Si è svolto nei giorni scorsi presso il Best Western Premier “Villa Fabiano Hotel” di Rende un partecipato incontro-dibattito
sul tema “La radioattività naturale impropria della Calabria”, organizzato congiuntamente dal Rotary Club Rende e dal
Rotaract Club Rende. L’evento ha registrato una discreta partecipazione di pubblico, composto da soci rotariani, professionisti,
studenti e cittadini interessati ad approfondire un tema di grande rilevanza scientifica e ambientale.
Dopo i saluti istituzionali del Presidente del Rotary Club Rende, Sergio Mazzuca, e della Presidente del Rotaract Club
Rende, Michela Del Gaudio, la serata è entrata nel vivo con la relazione del dott. Salvatore Procopio, Tecnico Professionale
dell’ARPACAL, specialista in Fisica Sanitaria ed esperto di radioprotezione. Procopio è referente del Laboratorio Fisico “Ettore
Majorana” per le radiazioni ionizzanti e non ionizzanti, componente del Consiglio Direttivo – già Vicepresidente –
dell’Associazione Italiana di Radioprotezione, docente e autore di numerose pubblicazioni scientifiche su riviste internazionali.
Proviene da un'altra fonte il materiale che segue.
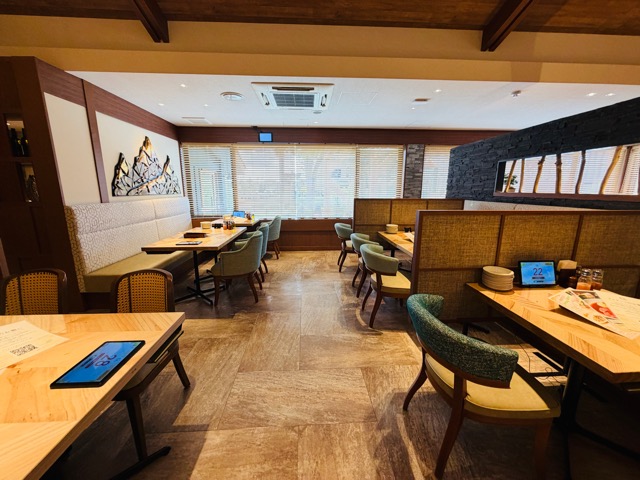 ペルティカ 三鷹新川店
A moderare l’incontro è stata la professoressa Anna Mastroberardino, Ordinaria di Fisica delle Alte Energie presso
l’Università della Calabria e docente del Master in Radioprotezione dell’Unical, che ha guidato il dibattito favorendo il confronto
tra il relatore e il pubblico.
Nel corso della sua relazione, il dott. Procopio ha illustrato il fenomeno della radioattività naturale impropria, ovvero
l’aumento dei livelli di radioattività naturale determinato da attività umane e industriali che hanno modificato o concentrato
radionuclidi già presenti in natura. Particolare attenzione è stata dedicata al caso della città di Crotone, la storica “Cotrone”,
caratterizzata da una lunga tradizione industriale nel settore chimico-fosfatico.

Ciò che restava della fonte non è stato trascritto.